MTN, Etisalat Ask Court To Dismiss Subscribers’ Suit

Forum 8 years ago

MTN, Etisalat Ask Court To Dismiss Subscribers’ Suit

Telecommunications companies, MTN Nigeria Communications Limited and Etisalat Nigeria,
have asked a Federal High Court in Lagos to dismiss a suit filed against them by aggrieved subscribers whose lines were allegedly wrongfully deactivated.


Airtel Nigeria and Globacom Nigeria are also joined as defendants in the suit filed as a class action by two Lagos-based lawyers, Ayodeji Olorunkunle and Oluyinka Oyeniji and seven others.


The plaintiffs sued for the enforcement of their fundamental rights preserved by sections 34, 37, 42 and 44 of the 1999 Constitution.


They are seeking a declaration that the defendants had mutilated their social status by not only wrongfully deactivating their lines but by also leaving voice prompts for callers, stating that “their lines have been barred due to incomplete information.”


The aggrieved subscribers also accused the telecoms companies of “trading in their phone numbers (without their consent) and relaying their bio data to marketing companies,” which inundate them with unsolicited calls and text messages.


They are seeking, among other reliefs, an order of the court mandating the telecoms companies to reactivate and restore their lines to them and to compensate each of them and other members of their class with N1m each.


They also want the court to perpetually restrain the telecoms companies from further trading in their lines by giving their bio data to marketing companies, which place and send unwanted calls and text messages to them.


Besides, the aggrieved subscribers are also seeking published apology in five national dailies to run for one week, in addition to a claim of N10m, being the cost of filing the suit.


But MTN, in its preliminary objection, urged the court to dismiss the plaintiff’s suit for non-compliance with Order IV Rule 1 of the fundamental human rights enforcement action which stipulates that such an application must be heard within seven days of its filing.

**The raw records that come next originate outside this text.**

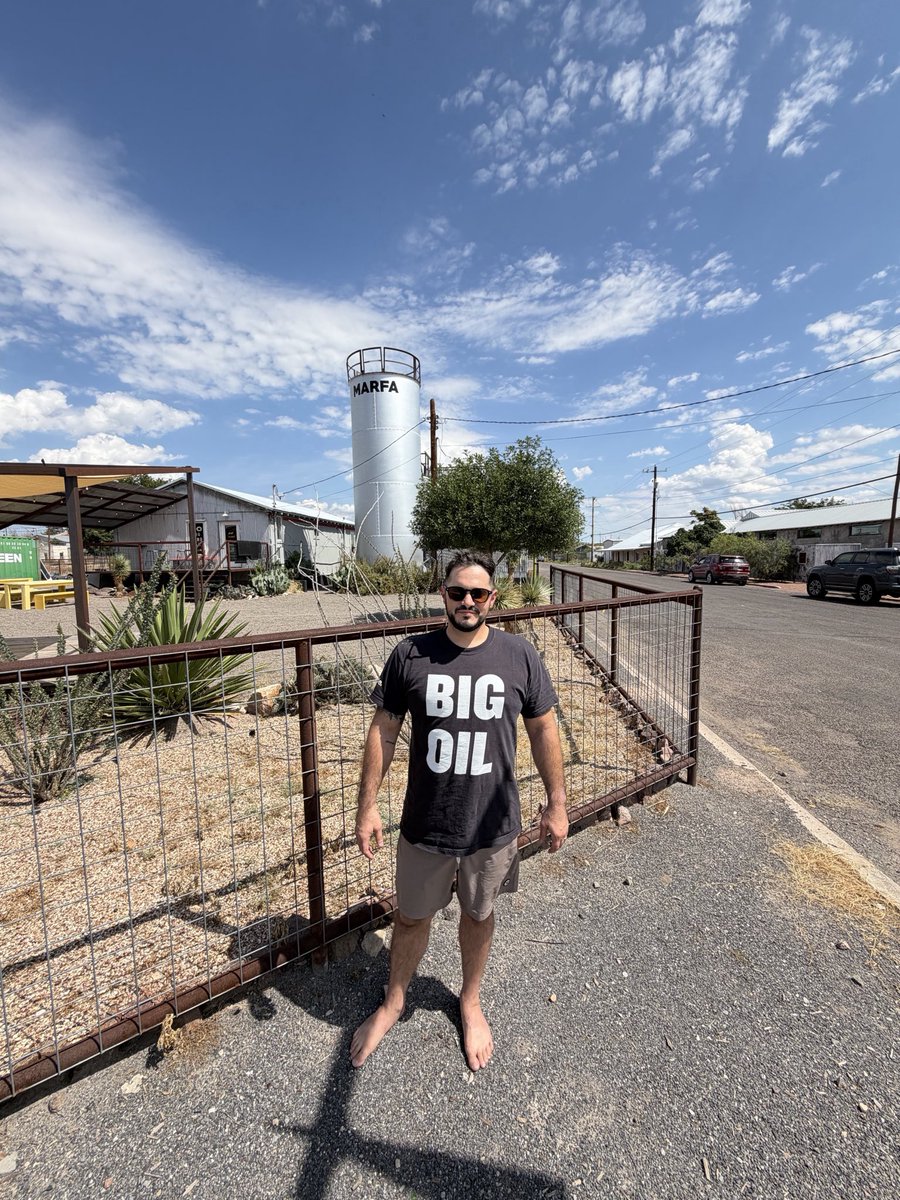 JSON_JEFF's tweet photo. Molecule mogging the electron-asexuals of Marfa in my @collide_ai Big Oil T. https://t.co/2hNFpSzKtP
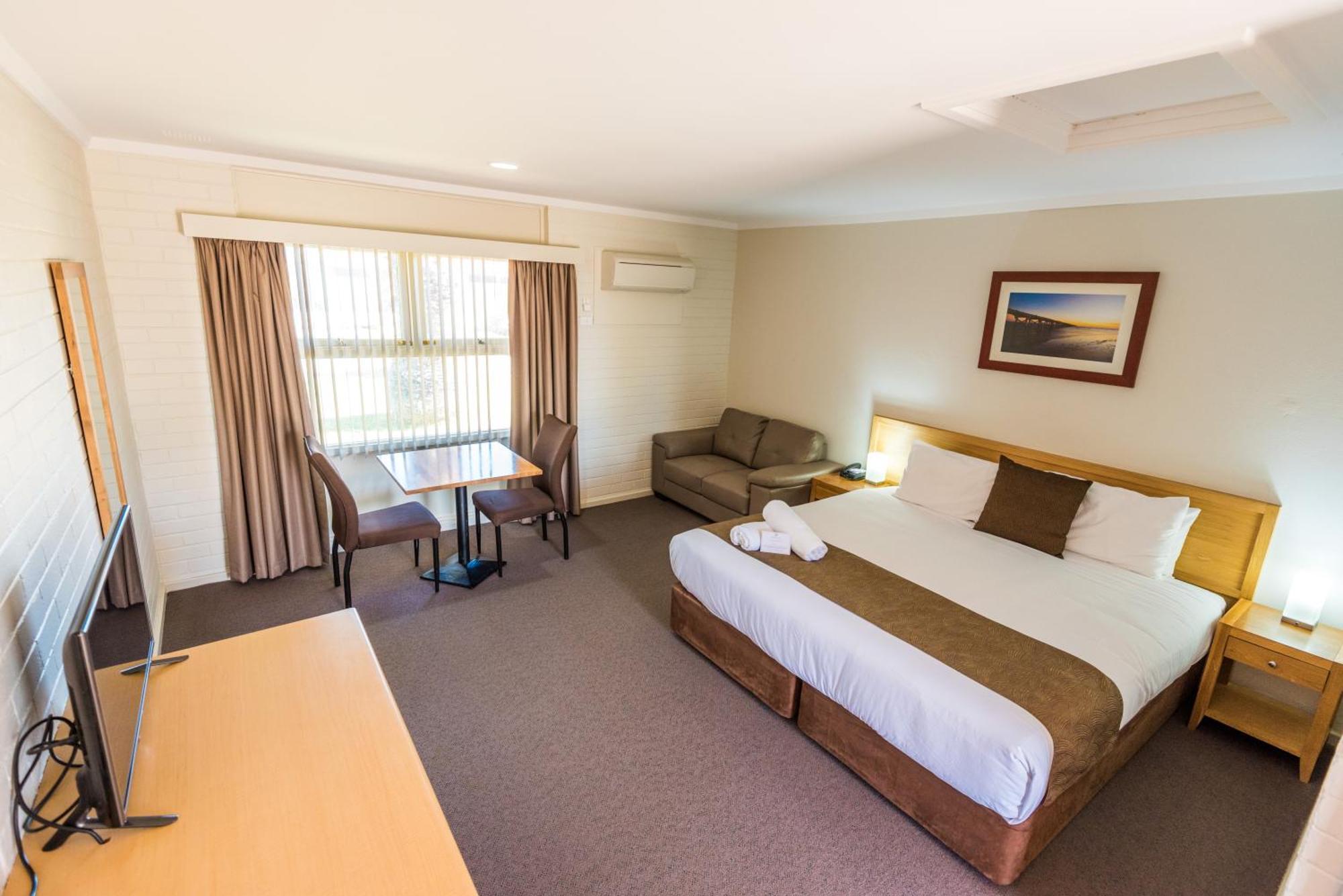 Hospitality Carnarvon, Surestay Collection By Best Western Room photo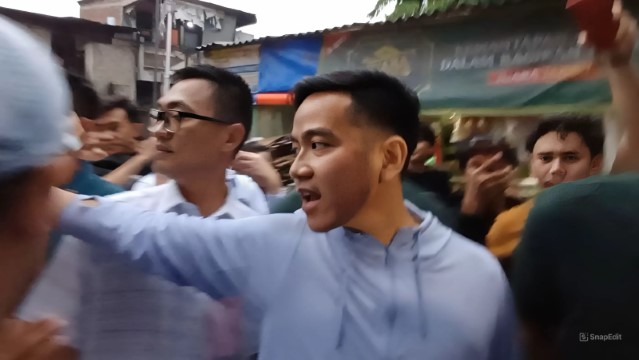 Bukan Bagi-Bagi Susu, Publik Minta Gibran Lebih Sering Diskusi di Kampus: Wapres Bertukar Pikiran Dengan Mahasiswa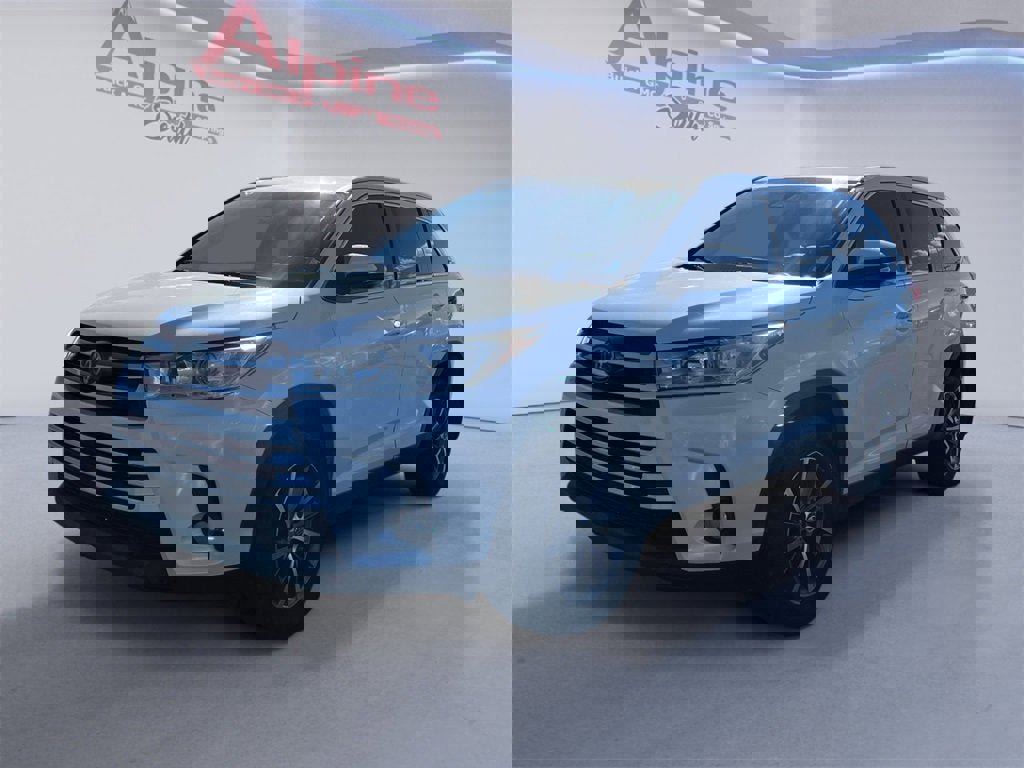 Used 2019 Toyota Highlander SE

Counsel for MTN, Ike Imo, also argued that the subscribers failed to establish in their affidavit that MTM indeed breached their rights, as they claimed.


In its counter-affidavit, MTN claimed that its decision to deactivate certain lines followed an instruction given to it by the Nigerian
Communications Commission to disconnect all phone lines which were not accurately registered.


Etisalat also described the suit as an abuse of court processes.


Justice Mohamed Tunusa has adjourned till January 19, 2016 to decide the case.